Since then, I’ve given even more thought to how a healthy (or healthy enough) marriage or long-term relationship changes you. What does a person gain from the experience of commitment? How does growing together as a couple change you for the better?
Why do you look forward to coming in the back door after a long day, and hearing your other half puttering around the kitchen? What causes you to stick around as someone else makes mistakes or hurts your feelings? What keeps us from moving on to a newer model — someone with whom you could (or think you might) recreate that physical lust/love of so long ago?
Here are seven answers to those questions…
Watching someone else live their life, very differently than you, expands you as a person.
There’s a widespread belief that dogs and their owners start to look like each other; what happens with your human companion?

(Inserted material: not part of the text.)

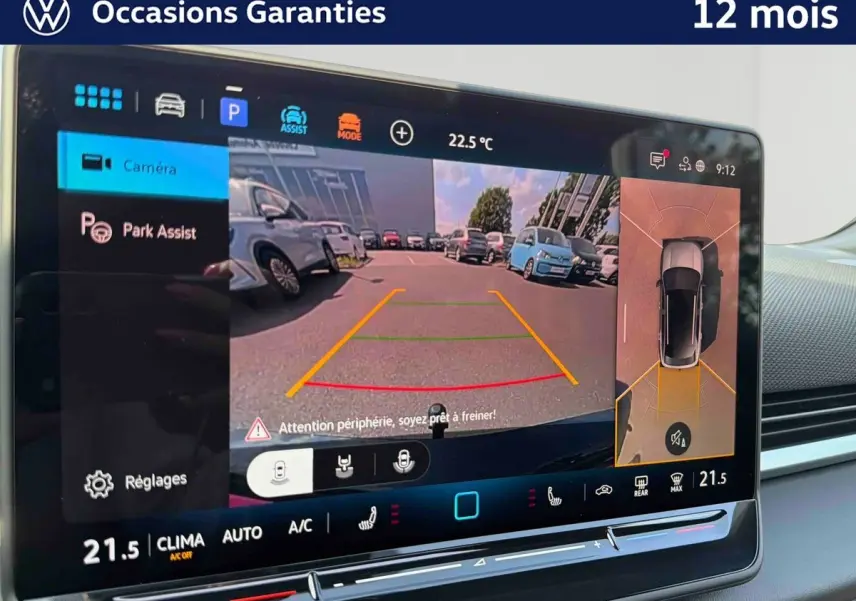 Écran tactile intérieur montrant l’aide au stationnement avec vue caméra et affichage 360° du Volkswagen T-Roc noir.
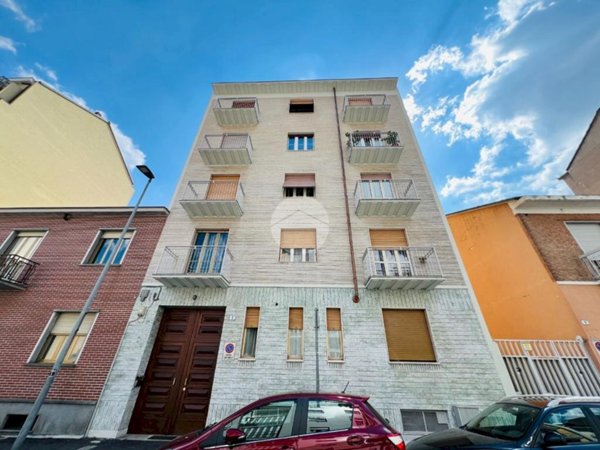 appartamento in vendita a Torino in zona Lucento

Is there something similar that happens with couples?
Not necessarily in physical appearance, although that can happen, but in how you experience life. Understanding the ways each one of you may look at the world, you can realize that your perceptions are just that. Perceptions. And that your partner’s perceptions might be vastly different than yours from time to time.
If you don’t spend time fighting about who’s right and who’s wrong about how things are perceived, this is an opportunity to grow as individuals and as a couple.
Seeing someone else falter, make mistakes, or downright fail can lead to compassion.
You watch him lose his job and become depressed. You watch her work way too hard and burnout. Or you observe each other trying to parent — the toughest job of all.
Maybe you would’ve judged in the past, but you’re not as likely to any more after spent years together. Instead, you support them getting back and getting back on track. It’s not that we can’t see our partner’s weaknesses, but in a healthy partnership, we come to understand them.
You can experience true trust.
There’s a scene in “On Golden Pond” when Katherine Hepburn, usually quite understanding of her daughter Jane Fonda’s barrage of complaints about her father, slaps her suddenly in the middle of her calling him an SOB. She states flatly, “That old son of a bitch happens to be my husband.”
When you’re in a long-term relationship, you can have a deep sense of allegiance to your partner, and you hopefully feel that this is reciprocated. This bond can provide you with a true feeling of trusting, and being trusted which can be a very grounding experience.
Having a daily touchstone lends a sense of security.
Someone knows where you are, what you’re doing with your day. Even though it may be pseudo-security, or a false sense of control, it’s still often helpful emotionally. If you got into trouble, they’d be there. You’re loved, you’re missed, you’re valued, you’re cared for, you’re a part of a team.
Sadly, this is often the reason why people stay unhappily married. They’re scared to be by themselves and having to deal with the hardships that are the result of not having that sense of security.
Compromise helps you stay open and giving.
If you acquiesce, that doesn’t work. If one of you is a martyr or a dictator, that dynamic doesn’t work either. But healthy compromise, meaning not always getting what you want and respecting what your partner wants or needs, that’s compromise. Through the years, you help one another experience what you want or can have from life.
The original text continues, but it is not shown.